Hope seems as vulnerable as a seed, which here also refers to the offspring of those exiles who once did not think they had a future. We can, by God's grace, nurture that hope, and embody that hope for the future in our words and actions as parents, teachers, and disciplers. This kind of steadfast faithfulness BEFORE the political order changed got the faith of Moses' parents recognized in Hebrews 11. They hid the child and relied on the faithfulness of God, the outworking of which they could not yet see.

God is equally able to care for the seed of our hope, small and vulnerable in our eyes compared to that which by habit intimidates us. His seed in His hand by His vision can yield thirty, sixty, and one hundred-fold. He is not constrained by the pessimism of our previous disappointments. He is not directed by the overreaction of our nervous system based on traumatized experience. He can grant peace when we think it is out of reach. And when He grants it, no one can take it away. He grants the peace that passes all understanding.

Clinging to that harvest of peace ahead, with Psalm 103, we forget not His benefits, though other thoughts by for the front of our hearts. Whatever destruction has occurred heretofore, we know He is an active Redeemer, that lovingkindness and tender mercies are as habitual with Him as envisioning and enunciating calamities is with us.

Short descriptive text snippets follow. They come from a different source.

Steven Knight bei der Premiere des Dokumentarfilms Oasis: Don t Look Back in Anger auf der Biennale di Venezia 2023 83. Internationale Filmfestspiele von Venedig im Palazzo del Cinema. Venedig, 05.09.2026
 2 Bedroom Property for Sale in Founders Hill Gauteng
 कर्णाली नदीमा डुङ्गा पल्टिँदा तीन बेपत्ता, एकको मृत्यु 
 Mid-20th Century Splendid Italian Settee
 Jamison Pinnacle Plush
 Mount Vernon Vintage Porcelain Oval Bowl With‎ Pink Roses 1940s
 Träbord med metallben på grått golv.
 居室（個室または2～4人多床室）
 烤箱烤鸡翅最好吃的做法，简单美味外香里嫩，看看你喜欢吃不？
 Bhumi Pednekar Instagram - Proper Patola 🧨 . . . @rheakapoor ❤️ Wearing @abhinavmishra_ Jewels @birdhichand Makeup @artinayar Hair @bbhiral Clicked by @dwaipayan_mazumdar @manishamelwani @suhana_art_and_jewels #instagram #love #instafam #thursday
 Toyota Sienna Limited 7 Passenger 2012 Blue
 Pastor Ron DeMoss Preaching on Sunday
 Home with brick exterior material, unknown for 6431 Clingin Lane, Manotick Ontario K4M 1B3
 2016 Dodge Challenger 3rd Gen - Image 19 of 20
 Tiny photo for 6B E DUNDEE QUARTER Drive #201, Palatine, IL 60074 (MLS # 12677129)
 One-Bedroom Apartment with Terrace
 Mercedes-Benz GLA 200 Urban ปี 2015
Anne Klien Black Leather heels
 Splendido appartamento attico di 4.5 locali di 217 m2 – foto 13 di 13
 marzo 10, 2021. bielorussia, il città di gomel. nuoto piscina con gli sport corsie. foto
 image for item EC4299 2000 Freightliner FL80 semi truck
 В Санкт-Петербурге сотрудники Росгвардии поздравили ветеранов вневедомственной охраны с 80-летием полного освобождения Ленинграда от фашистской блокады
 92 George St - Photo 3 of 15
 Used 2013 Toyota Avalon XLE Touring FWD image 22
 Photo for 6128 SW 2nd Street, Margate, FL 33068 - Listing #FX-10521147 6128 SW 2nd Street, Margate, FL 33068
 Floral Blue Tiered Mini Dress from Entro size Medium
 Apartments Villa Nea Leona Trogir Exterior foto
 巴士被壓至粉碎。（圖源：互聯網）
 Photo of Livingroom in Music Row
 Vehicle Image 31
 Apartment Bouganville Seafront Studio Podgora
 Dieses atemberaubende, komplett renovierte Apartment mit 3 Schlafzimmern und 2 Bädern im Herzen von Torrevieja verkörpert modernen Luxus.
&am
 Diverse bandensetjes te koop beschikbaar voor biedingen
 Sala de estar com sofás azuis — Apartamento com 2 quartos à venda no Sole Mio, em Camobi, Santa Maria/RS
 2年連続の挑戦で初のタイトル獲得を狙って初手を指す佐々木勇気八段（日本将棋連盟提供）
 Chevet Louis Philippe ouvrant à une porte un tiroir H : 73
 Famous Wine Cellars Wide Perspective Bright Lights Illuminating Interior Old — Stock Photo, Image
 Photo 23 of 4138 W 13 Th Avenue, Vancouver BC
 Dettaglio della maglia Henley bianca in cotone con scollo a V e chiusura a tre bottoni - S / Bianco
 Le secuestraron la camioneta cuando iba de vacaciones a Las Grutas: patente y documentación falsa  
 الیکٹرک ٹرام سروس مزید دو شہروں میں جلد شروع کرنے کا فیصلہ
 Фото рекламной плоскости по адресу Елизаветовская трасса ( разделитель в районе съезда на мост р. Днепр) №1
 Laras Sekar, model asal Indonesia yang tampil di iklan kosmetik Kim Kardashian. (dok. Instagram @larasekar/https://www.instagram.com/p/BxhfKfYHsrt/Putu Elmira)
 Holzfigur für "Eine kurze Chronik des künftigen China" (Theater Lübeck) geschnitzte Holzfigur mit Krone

Needing all the remediation we can get in the realities of faith because we spend so much time mulling its opposite, we inculcate Psalm 16:7-8, determined to be receptive to the counsel our heart gives us in the night, reminding us that whatever the seeming distance He is at our right hand and shall not be moved.

Our sense of His Presence is not determined by the feelings we have tolerated or the thoughts behind them. It is not determined by how far our life path has traversed from the ideal we envisioned. Jeremiah 30:10-11 assures His Presence is intimate and powerful right where we are, able to renew our minds and direct our future.